What overturning Roe vs. Wade would actually mean to America
The future of privacy under the U.S. Constitution — and the critical protection of rights such as abortion and same-sex marriage — rests on the continued good health and mental acuity of three lawyers age 78 and older. If you care about these things, and you should, you really should be sending vitamin packets, kale salads and protein smoothies to Justices Ruth Bader Ginsburg (83), Anthony Kennedy (80) and Stephen Breyer (78).
All three of those Supreme Court justices are at or approaching the age when many people retire, stop being able to perform their job functions or even pass away. If that happens to any of these three over the course of the next four years, basic constitutional protections could disappear. And the basic rights of American women to control their bodies will be immediately endangered.
Until then, President-elect Donald Trump won’t have much of an opportunity to shift the ideological makeup of the Supreme Court. President Obama attempted to fill the current vacancy created by Justice Antonin Scalia’s death in February, but Senate Republicans successfully obstructed from day one.
Judge Merrick Garland, by all accounts a well-respected moderate, will be remembered in history as the Supreme Court nominee who went nowhere. With Trump winning the election and the Senate remaining in Republican hands, Garland’s nomination will wither on the vine until it is officially pronounced dead on Jan. 3, when the new Congress takes office.
Trump has promised to fill this open seat with a conservative in the mold of Scalia.

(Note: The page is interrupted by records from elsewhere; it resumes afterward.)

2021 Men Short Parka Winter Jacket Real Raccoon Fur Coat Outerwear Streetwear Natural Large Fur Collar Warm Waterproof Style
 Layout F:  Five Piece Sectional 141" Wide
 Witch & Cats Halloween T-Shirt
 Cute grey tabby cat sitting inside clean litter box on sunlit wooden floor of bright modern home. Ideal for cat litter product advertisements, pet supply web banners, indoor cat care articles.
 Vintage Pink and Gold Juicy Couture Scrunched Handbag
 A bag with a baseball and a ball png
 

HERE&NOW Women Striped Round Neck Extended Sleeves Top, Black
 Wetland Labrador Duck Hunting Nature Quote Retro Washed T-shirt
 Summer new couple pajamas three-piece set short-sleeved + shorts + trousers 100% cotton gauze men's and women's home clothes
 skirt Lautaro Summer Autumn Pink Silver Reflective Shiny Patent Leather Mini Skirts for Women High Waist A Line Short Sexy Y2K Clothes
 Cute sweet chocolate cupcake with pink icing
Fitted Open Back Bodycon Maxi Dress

If he is successful in doing so, the new justice would certainly be a victory for Republicans in staving off an Obama liberal justice, but would not yet change the court’s ideological balance.
It’s the next nomination that could possibly rewrite long-standing law, and is rightly making many people worry about Roe vs. Wade.
Roe, now almost 44 years old, established a constitutional right to choose to have an abortion. The court decided that the right to terminate a pregnancy is part of a woman’s right to privacy and bodily integrity that previous decisions had protected.
This decision has faced intense opposition from the day it was decided but, even though Republican Presidents have vowed to overturn it, its basic principle has survived to this day.
We take the ruling for granted at our peril.
Roe faced a serious attack in 1992 that almost destroyed it. That year, in Planned Parenthood vs. Casey, the Supreme Court considered several abortion restrictions out of Pennsylvania. It seemed that there were enough new justices on the court — five new appointees from Presidents Ronald Reagan and George H.W. Bush — to reverse Roe. However, a moderate coalition emerged among the justices that saved the ultimate outcome of Roe, reaffirming that states cannot outlaw abortion altogether.
Still, the court gave states more latitude to regulate abortion.
Under this new standard, many states have increased their attacks on abortion. Over the past six years, they have passed hundreds of abortion restrictions that, although not outlawing abortion, make it more difficult for women to access the legal medical procedure.
This past summer, however, the Supreme Court drew a line in the sand. Once again reaffirming Roe, the court told states that they can restrict abortion, but those restrictions must be grounded in evidence-based medicine and not be backdoor attempts to make the procedure illegal.
This was a huge victory for reproductive rights. But with a Trump administration, this new victory — as well as the longstanding precedent of Roe — could be threatened if one of the three over-78 justices leaves the court through whatever means.